Apa yang menarik dari Jokowi?
Salah
satu hal yang menarik untuk ditelaah adalah proses munculnya Joko Widodo sampai
akhirnya menjadi Presiden. Sepanjang sejarah Indonesia setelah merdeka, Jokowi
adalah presiden Indonesia pertama yang membangun karir dari lembaga eksekutif. Sebab
sebelumnya, Jokowi ialah Wali Kota di Pemerintah Kota Surakarta, bahkan dua
kali terpilih sebagai wali kota sampai sukses menjadi orang nomor satu Kota Metropolitan,
DKI Jakarta. Belum pernah terjadi dalam sejarah Indonesia, ada presiden yang
membangun karirnya melalui suatu proses seperti itu.
Presiden
perdana Indonesia Soekarno, tidak
sama dengan Jokowi.
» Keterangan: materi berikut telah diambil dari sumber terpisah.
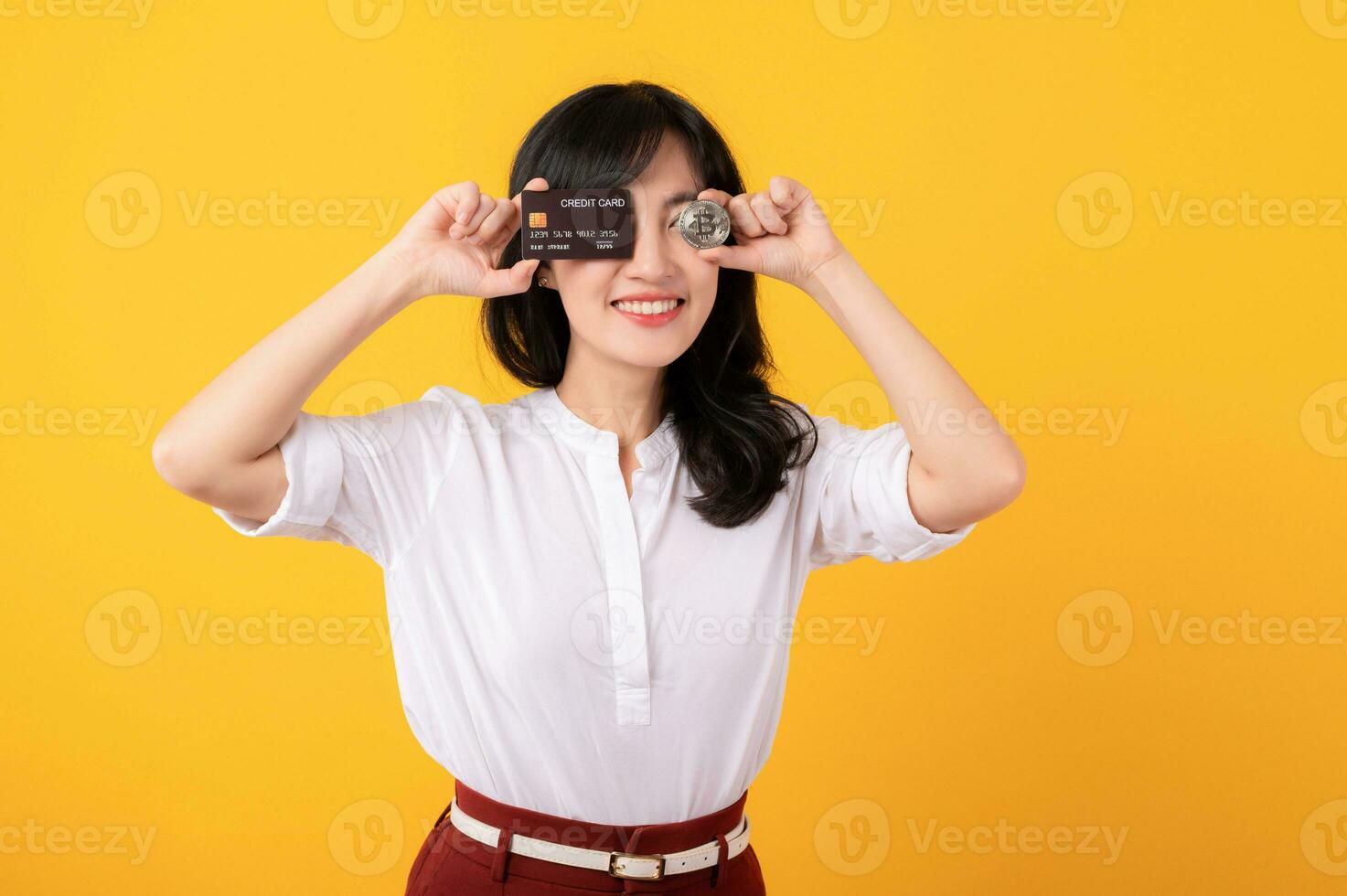 Portrait beautiful young asian woman enterpriser happy smile wearing white shirt and red plants holding credit card and crypto digital currency isolation on yellow background. Wealth concept. photo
Soekarno tidak pernah berkarir di birokrasi pemerintah
kolonial karena dia sangat menentang kejahanaman Belanda saat itu. Soeharto? Soeharto juga tidak. Sebab
sebelum menjadi presiden Soeharto membangun tangga karirnya dari militer. Presiden
ketiga Indonesia, BJ Habibie juga
tidak seperti Jokowi. Karirnya dimulai dari asisten khusus Ibnu Sutowo di
Pertamina. Dari situ, berturut-turut, Habibie menjadi Direktur Industri Pesawat
Terbang Nasional (IPTN), Menteri Riset dan Teknologi, Wakil Presiden dan
akhirnya menjadi presiden. Gus Dur atau
Abdurrahman Wahid beda lagi. Dia
bahkan tidak pernah menjadi bagian dari lembaga eksekutif sama sekali. Perjalanan
karirnya berawal dari lembaga-lembaga kultural seperti Nahdlatul Ulama (NU),
LSM dan kelompok-kelompok penekan seperti Forum Demokrasi (Fordem). Megawati? Tidak. Mentor dan pelindung
Jokowi, menitik karirnya sebagai anggota partai Demokrasi Indonesia (PDI).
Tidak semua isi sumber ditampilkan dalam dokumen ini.